To use the drift_comparator
as illustrated in the following snippet, simply pick a feature to analyze and use validate_statistics
by supplying a baseline (e.g., last month dataset) and a comparison dataset (e.g., this month dataset).
tfdv.get_feature(schema, 'X3').drift_comparator.infinity_norm.threshold = 0.01
drift_anomalies = tfdv.validate_statistics(
statistics = dataset2_stats,
schema = schema,
previous_statistics = dataset1_stats)
drift_anomalies
After generating the Drift anomaly report, we can visualize it using display_anomalies
tfdv.display_anomalies(skew_anomalies)
Feature name | Anomaly short description | Anomaly long description |
---|---|---|
‘X5’ | High Linfty distance between training and serving | The Linfty distance between training and serving is 0.1648 (up to six significant digits), above the threshold 0.01. The feature value with maximum difference is: D |
Using TFDV with TFX
In the previous sections, we have seen how to use TFDV for exploring and validation datasets as a standalone tool. This is very handy for manual inspection of the data, but this can also be automated in TFX using the following components:
Generating statistics with StatisticsGen
For generating statistics, TFX provides the pipeline component StatisticsGen
. This component accepts as input the output from the pipeline component ExampleGen
components as input. It can be used as follows:
from tfx.components import StatisticsGen
statistics_gen = StatisticsGen(
examples=example_gen.outputs['examples'])
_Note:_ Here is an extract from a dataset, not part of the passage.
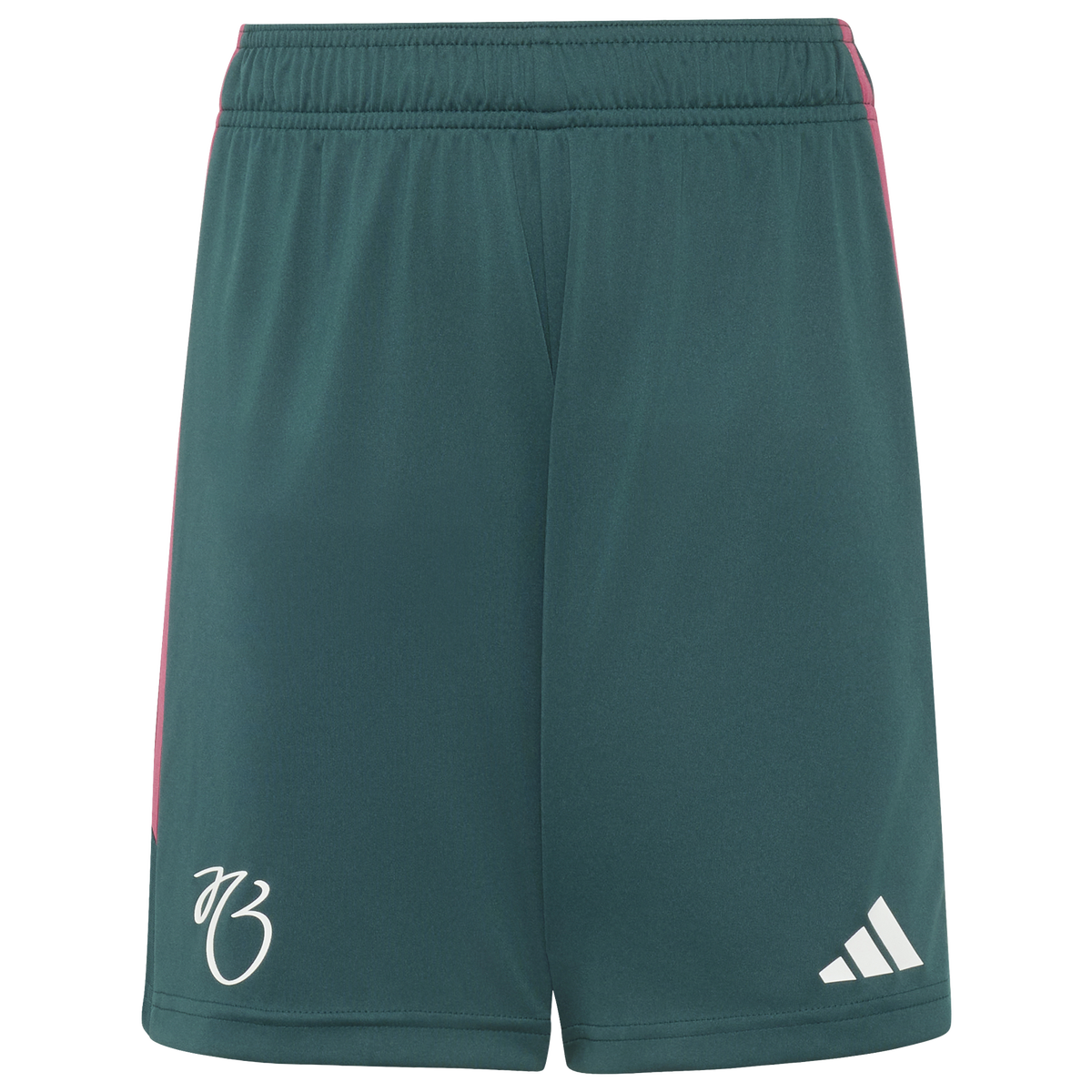 adidas Junior Jude Bellingham Shorts - Green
context.run(statistics_gen)
When TFX pipeline is run in an interactive context, we can visualize the output statistics using Facets as follows:
context.show(statistics_gen.outputs['statistics'])
Generating Schema with SchemaGen
For generating schema for our data, TFX provides the SchemaGen
component which takes as input the previously generting statistics by StatisticsGen
.
from tfx.components import SchemaGen
schema_gen = SchemaGen(
statistics=statistics_gen.outputs['statistics'],
infer_feature_shape=True)
context.run(schema_gen)
Note: if a schema already exists in the metadata store, the SchemaGen will not generate a new one and in case it has to be updated (e.g. due to the presence of a new feature) you may have to update it manually as explained earlier.
Validating examples with ExampleValidator
For validating examples from a new datasets, TFX provides the ExampleValidator
component which takes as input the output of the two previous component, i.e. the schema and statistics.
from tfx.components import ExampleValidator
example_validator = ExampleValidator(
statistics=statistics_gen.outputs['statistics'],
schema=schema_gen.outputs['schema'])
context.run(example_validator)
Note: in case of any anomalies detected by the ExampleValidator
component (i.e. mismatches in statistics or schema) it will set the status of the pipeline in the metadata store to failed, which will eventually stop it. Otherwise, the pipeline will proceed, for instance to the data preprocessing step.